No voy a entrar ahora en detalles de cómo conseguí este trabajo, pero para gente como yo, no está mal. Me ha permitido tener buenos ingresos y un cierto estilo de vida, un buen movil con el que controlo mi casa inteligente, via wifi con un injerto craneal en mi cabeza, y prácticamente cualquier aparato que poseo, un par de prótesis biónicas de los buenos y mi propio aerocoche.

Como decía, yo y mis compañeros nos dedicamos a proporcionar alimento a nuestros “clientes” en un agujero que llamamos “el zulo”, y es mi lugar habitual de trabajo. Yo estoy en las celdas, cuidando de los prisioneros y sirviendo a los clientes, mientras que otros compañeros se dedican a otras cosas, como conseguir la “comida” o relaciones con los clientes.
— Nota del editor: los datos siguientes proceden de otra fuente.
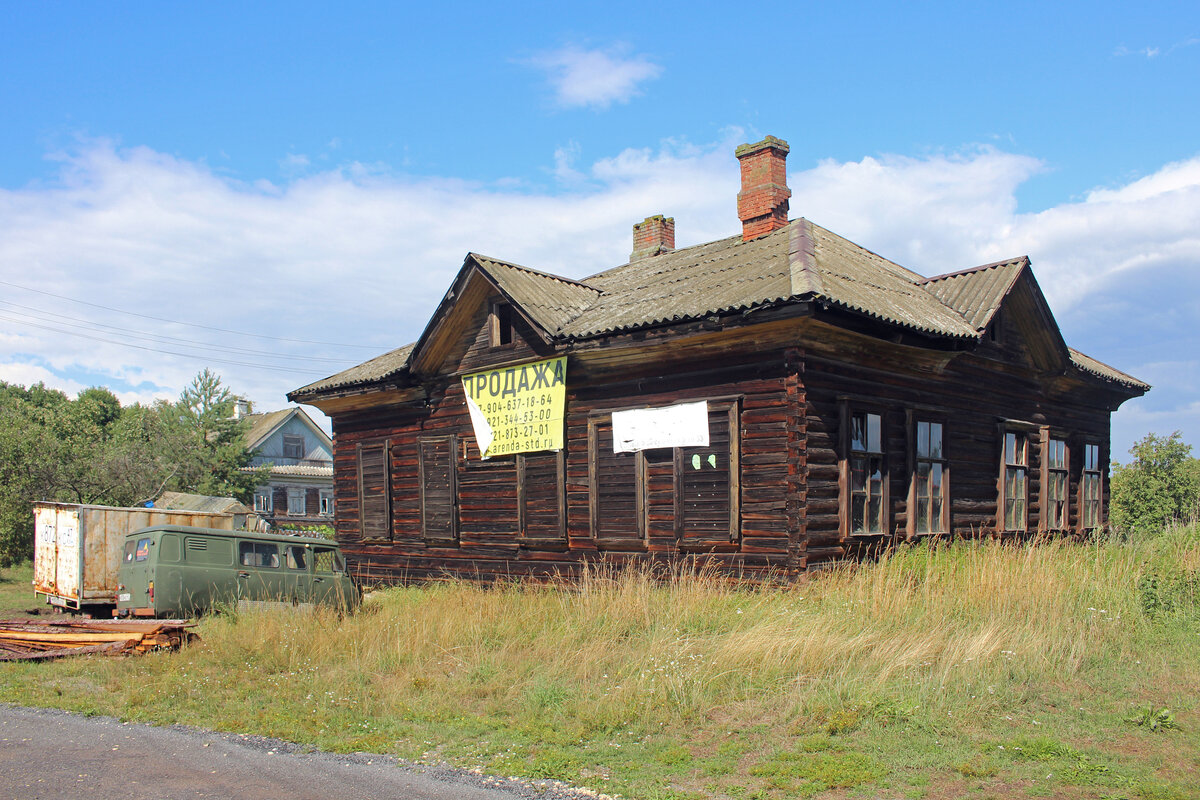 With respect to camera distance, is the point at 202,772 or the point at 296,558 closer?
the point at 202,772

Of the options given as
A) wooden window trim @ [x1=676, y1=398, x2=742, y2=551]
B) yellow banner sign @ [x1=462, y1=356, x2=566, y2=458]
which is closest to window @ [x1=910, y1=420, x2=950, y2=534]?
wooden window trim @ [x1=676, y1=398, x2=742, y2=551]

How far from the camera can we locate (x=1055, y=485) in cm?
1905

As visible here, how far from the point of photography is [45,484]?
2927 centimetres

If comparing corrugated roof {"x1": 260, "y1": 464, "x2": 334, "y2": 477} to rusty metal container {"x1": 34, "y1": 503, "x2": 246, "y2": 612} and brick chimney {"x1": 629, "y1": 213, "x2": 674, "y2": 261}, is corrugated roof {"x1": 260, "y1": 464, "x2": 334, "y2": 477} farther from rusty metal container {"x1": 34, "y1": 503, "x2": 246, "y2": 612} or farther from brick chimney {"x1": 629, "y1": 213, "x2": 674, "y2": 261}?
brick chimney {"x1": 629, "y1": 213, "x2": 674, "y2": 261}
Su “comida”, permitidme el eufemismo, la mantenemos en celdas individuales a lo largo de los pasillos que se extienden en el subsuelo que está oculto bajo una nave en la zona industrial, dónde nos aseguramos de que se mantienen en un nivel de salud óptimo.
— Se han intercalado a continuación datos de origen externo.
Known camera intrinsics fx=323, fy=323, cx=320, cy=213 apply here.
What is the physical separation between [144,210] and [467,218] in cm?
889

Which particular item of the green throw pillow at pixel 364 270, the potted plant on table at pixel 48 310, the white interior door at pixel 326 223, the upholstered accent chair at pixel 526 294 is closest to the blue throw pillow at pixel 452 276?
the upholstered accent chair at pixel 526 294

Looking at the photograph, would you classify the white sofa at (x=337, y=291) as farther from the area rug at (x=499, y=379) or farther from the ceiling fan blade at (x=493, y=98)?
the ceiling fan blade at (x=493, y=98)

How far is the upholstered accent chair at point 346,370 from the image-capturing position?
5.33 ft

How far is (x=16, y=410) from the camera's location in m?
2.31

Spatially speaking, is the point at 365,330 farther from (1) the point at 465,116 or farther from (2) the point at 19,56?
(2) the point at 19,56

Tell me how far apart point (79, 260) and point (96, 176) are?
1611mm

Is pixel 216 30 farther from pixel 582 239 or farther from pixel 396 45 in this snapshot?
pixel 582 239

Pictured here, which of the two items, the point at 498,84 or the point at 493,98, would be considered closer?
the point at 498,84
Aunque la verdad es que a la mayoría de los Muertos les da igual en qué estado se encuentren, siempre es mejor si saben que no van a hincarle el diente a alguien con alguna degeneración por consumir drogas raras o, con los ciberimplantes a la orden del día, tener la certeza de que van a morder carne y no metal, cables o algún órgano sintético. No les hace la más mínima gracia, os lo puedo asegurar.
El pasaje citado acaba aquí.